Dass ihr erster Auftritt als Kandidatin kein besonders gut gelungener Start war, das gibt Ganssmüller-Maluche selbst zu. Darauf angesprochen, sagt sie etwas, das man nicht oft von Politikern hört, die im Rampenlicht stehen. Bei ihrer Antrittsrede sei es nicht gut gelaufen, da sei sie nervös gewesen. Seitdem habe sie aber viel dazu gelernt und sei souveräner geworden. Eigene Fehler einzugestehen und sich zu korrigieren, das müssen keine schlechten Eigenschaften im Politikbetrieb sein. Ganssmüller-Maluche verkörpert damit einen anderen Führungsstil als jene, die sich hinstellen und resistent gegen jede Kritik selbstverliebt auf die Brust klopfen. Auf Augenhöhe will sie den Menschen begegnen - "nicht von oben herab" - und die Landkreisbürger in Entscheidungsprozesse einbeziehen. "Dadurch unterscheide ich mich auch deutlich von meinem Kontrahenten von der CSU", sagt sie. "Mein Einsatzgebiet ist der Landkreis und die Gemeinden."

Ganssmüller-Maluche musste aber auch lernen, dass man als öffentliche Person schnell missverstanden wird, wenn man sich nicht klar ausdrückt. Und dass es manchmal leichter ist, von der journalistischen Seite harsche Kritik zu üben, als auf der anderen Seite zu stehen. Dabei kennt sie den kommunalpolitischen Alltag gut, schließlich ist es bereits ihr fünfter Kommunalwahlkampf. Seit 25 Jahren ist sie in der SPD, seit 1993 sitzt sie im Ismaninger Gemeinderat und seit 1996 auch im Kreistag, wo sie seit elf Jahren Finanzreferentin ist: "Mit der Erfahrung fühle ich mich gut gerüstet."
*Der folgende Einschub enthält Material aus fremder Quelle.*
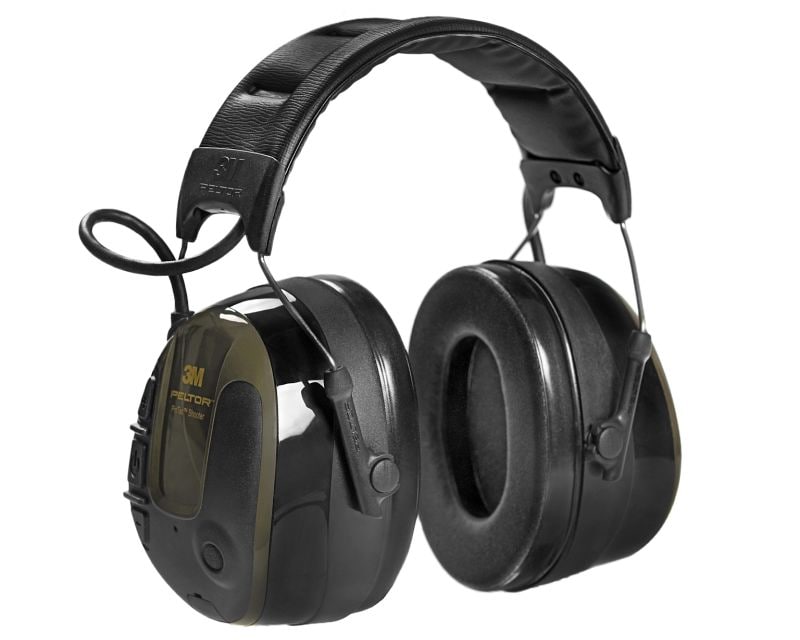 3M Peltor Protac Shooter SNR 32 dB Active Hearing Protectors - Green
Ganssmüller-Maluche ist nicht nur die einzige Frau unter den fünf Kandidaten für das Amt des Landrats, sondern auch die einzige Vertreterin aus dem nördlichen Landkreis. Die Kandidaten von CSU, FDP, Grüne und Freie Wählern kommen allesamt aus südlichen Gemeinden. Ganssmüller-Maluche lebt seit fast 35 Jahren mit ihrem Mann in Ismaning. Geboren ist sie am Rhein, aufgewachsen vor allem in Aschaffenburg, mit 18 Jahren ist sie nach Ismaning gezogen.

In München hat sie Betriebswirtschaft studiert, bis ihre drei Kinder geboren wurden, die mittlerweile erwachsen sind. Im Wahlkampf bleibt ihr zwar gerade nicht viel Zeit, aber sonst ist sie begeisterte Kartenspielerin. Mit Freunden hat sie eine Doppelkopfrunde, geht zu Schafkopfrennen und spielt im Skatclub Garching.
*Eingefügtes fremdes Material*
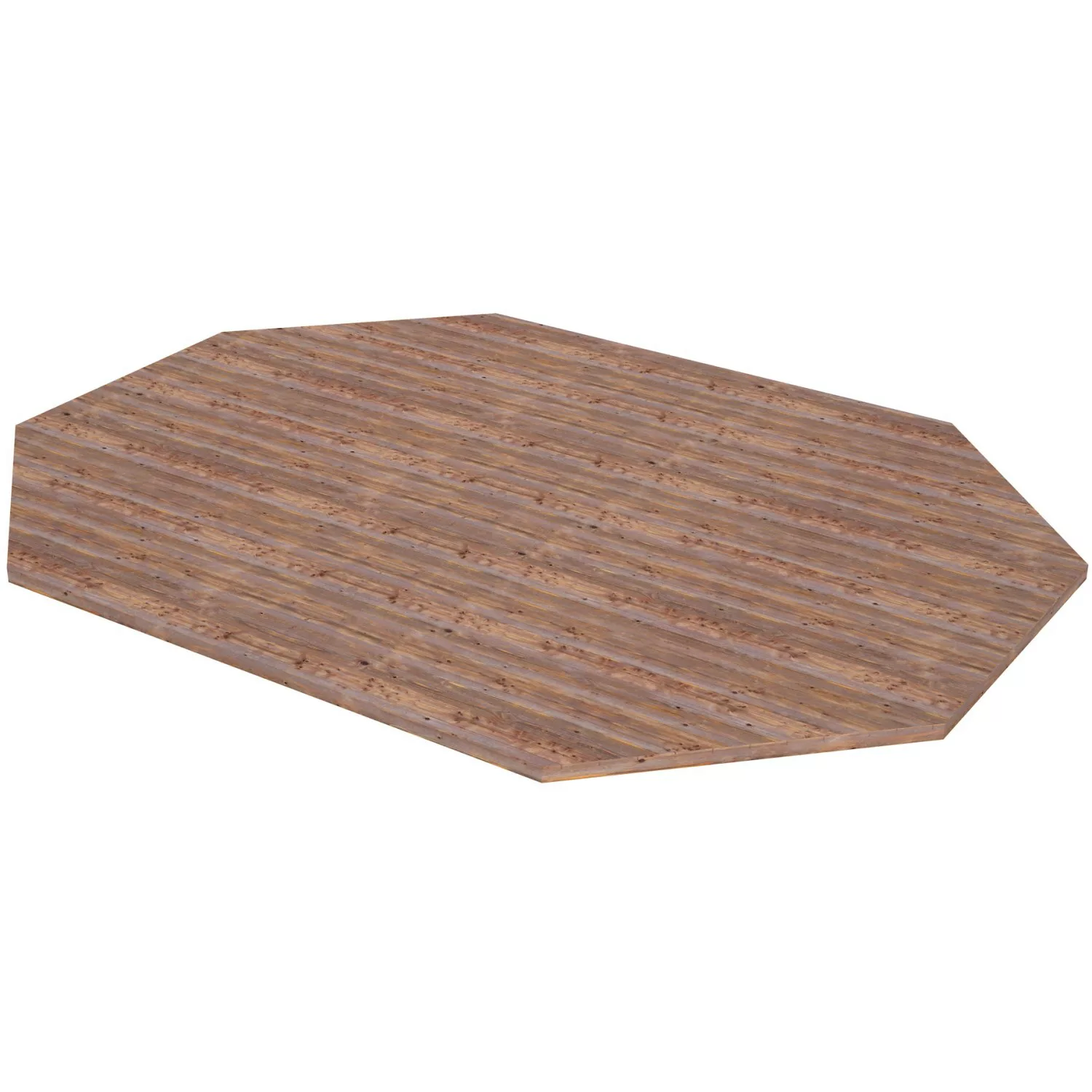 Palmako Fußboden für Holz-Gartenhaus/Gerätehaus Betty KDI Braun 610 cm x 46 günstig online kaufen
Wichtig sind ihr die Themen Energiewende, Bürgerbeteiligung und die Unterstützung für Senioren, auch für Kinder und Jugendliche will sie sich stärker einsetzen. Man müsse mehr nachfragen, was junge Menschen sich wünschen. Ziel sei es auch, qualifizierte Erziehern zu gewinnen. Als Landrätin will sie mit einem regelmäßigen Wirtschaftsforum und einem eigenen Wirtschaftsbeauftragten den Kontakt zu den Firmen halten und den Standort weiterentwickeln. Wichtig sei ihr dabei auch die Vereinbarkeit von Beruf und Familie. Es gehe darum, den Druck herauszunehmen, damit Kinder und Beruf nicht zur Zerreißprobe werden. Dabei sieht sie auch die Unternehmen mehr in der Pflicht. Weitere Ziele sind, bezahlbaren Wohnraum zu schaffen, indem der Landkreis Genossenschaften unterstützt und außerdem 1000 geförderte Wohnungen bis zum Jahr 2020 errichtet.

Und falls es nicht klappen sollte mit der Wahl zur Landrätin? Auch dann will sie nicht zurück in ihren alten Job als Journalistin. Dann müsse was Neues kommen.